Économiste spécialisé en agriculture et professeur de management à l’Université Laval, James Eaves a étudié la question et confirme que les prix au Canada ont chuté considérablement au cours de la dernière année, en raison d’une augmentation de l’offre couplée à une baisse de la répression. « J'estime que les producteurs légaux ont actuellement une capacité qui dépasse de loin les estimations de la demande totale intérieure. Nous avons assisté à la même chose dans les États américains qui ont légalisé : à mesure que la légalisation approchait, les prix chutaient rapidement. »
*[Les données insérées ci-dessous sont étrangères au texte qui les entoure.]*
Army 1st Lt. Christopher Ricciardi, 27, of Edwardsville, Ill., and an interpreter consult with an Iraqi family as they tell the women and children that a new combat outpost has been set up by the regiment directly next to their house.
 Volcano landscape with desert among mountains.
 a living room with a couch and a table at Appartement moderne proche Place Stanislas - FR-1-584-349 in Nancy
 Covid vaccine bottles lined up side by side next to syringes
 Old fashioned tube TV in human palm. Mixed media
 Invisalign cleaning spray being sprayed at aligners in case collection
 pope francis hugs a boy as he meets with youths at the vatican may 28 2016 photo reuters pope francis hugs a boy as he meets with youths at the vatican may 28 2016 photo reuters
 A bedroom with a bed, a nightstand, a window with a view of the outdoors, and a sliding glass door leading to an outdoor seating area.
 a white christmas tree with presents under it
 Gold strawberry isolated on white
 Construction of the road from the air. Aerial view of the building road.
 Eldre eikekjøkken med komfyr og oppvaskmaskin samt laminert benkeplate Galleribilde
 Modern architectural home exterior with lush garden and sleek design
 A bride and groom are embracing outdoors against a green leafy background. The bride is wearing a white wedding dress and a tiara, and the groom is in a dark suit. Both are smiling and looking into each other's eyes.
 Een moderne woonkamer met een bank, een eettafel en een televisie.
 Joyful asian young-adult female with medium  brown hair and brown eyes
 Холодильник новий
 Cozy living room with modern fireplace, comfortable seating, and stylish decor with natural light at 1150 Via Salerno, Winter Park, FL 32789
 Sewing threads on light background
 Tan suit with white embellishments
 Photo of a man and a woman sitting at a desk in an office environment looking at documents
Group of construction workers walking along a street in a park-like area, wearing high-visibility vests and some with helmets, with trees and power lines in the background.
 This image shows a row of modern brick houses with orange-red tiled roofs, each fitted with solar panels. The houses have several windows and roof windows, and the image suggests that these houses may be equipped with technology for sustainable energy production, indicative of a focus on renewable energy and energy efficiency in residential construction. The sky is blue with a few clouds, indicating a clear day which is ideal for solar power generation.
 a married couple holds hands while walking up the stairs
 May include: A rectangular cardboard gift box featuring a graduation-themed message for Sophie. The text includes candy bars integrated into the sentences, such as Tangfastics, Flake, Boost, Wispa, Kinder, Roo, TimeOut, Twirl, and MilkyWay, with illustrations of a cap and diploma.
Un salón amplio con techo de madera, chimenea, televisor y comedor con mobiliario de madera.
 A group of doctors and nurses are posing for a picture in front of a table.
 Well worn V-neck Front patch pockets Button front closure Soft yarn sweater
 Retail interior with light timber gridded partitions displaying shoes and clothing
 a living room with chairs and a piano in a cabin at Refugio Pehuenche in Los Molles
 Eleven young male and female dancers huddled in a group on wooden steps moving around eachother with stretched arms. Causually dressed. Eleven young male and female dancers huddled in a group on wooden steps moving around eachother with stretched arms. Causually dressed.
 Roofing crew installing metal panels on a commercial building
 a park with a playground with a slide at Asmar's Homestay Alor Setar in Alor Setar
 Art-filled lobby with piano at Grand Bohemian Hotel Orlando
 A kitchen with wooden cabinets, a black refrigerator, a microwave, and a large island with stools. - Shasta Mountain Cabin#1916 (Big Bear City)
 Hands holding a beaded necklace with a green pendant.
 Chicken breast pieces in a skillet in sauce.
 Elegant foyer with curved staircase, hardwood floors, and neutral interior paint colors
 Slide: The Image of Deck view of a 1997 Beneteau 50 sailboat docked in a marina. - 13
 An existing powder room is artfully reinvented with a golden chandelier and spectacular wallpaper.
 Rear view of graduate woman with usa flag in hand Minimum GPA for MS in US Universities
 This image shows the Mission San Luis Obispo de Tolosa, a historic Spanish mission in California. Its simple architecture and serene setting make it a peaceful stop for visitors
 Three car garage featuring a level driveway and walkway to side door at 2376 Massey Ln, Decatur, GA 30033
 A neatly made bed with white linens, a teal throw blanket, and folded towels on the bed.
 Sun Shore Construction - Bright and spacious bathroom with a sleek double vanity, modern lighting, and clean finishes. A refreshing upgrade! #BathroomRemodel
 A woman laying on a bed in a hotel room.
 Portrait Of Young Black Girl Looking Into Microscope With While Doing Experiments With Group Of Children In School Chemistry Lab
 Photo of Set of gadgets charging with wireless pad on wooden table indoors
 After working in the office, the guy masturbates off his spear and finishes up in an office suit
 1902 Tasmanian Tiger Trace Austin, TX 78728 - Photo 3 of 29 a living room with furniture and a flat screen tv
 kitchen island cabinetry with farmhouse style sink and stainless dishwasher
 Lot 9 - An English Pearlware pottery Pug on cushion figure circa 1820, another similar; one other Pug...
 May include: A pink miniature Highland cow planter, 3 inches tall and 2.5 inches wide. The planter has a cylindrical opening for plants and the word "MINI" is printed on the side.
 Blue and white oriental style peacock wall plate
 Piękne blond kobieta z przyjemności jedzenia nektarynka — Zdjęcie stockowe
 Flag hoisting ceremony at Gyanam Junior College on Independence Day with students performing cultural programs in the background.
M. Eaves fait aussi le constat que certains produits plus haut de gamme du cannabis prennent de la valeur, comme les variétés plus rares, mais également les produits transformés. « Aux États-Unis, les consommateurs ont vraiment aimé ces innovations de produits et il y a eu des pénuries, explique-t-il. La demande était donc encore élevée par rapport à l'offre. Mais au Canada, au lendemain de la légalisation, il n'est pas clair si nous assisterons à ce modèle parce qu'il y a tellement de règlements concernant les produits transformés. Actuellement, les producteurs ne peuvent vendre que de l’huile et des fleurs séchées. »
Seul l’avenir nous dira si le marché noir survivra à la légalisation attendue le 17 octobre, mais l’expérience américaine nous indique que quatre ans après la fin de la prohibition au Colorado et dans l’État de Washington, la vente illicite est loin d’être éradiquée. « Qui va gagner va être déterminé par les taxes, la rigueur de la réglementation et la répression contre les producteurs et les détaillants illégaux », avance James Eaves.
* Les noms ont été changés pour préserver l’anonymat des personnes citées.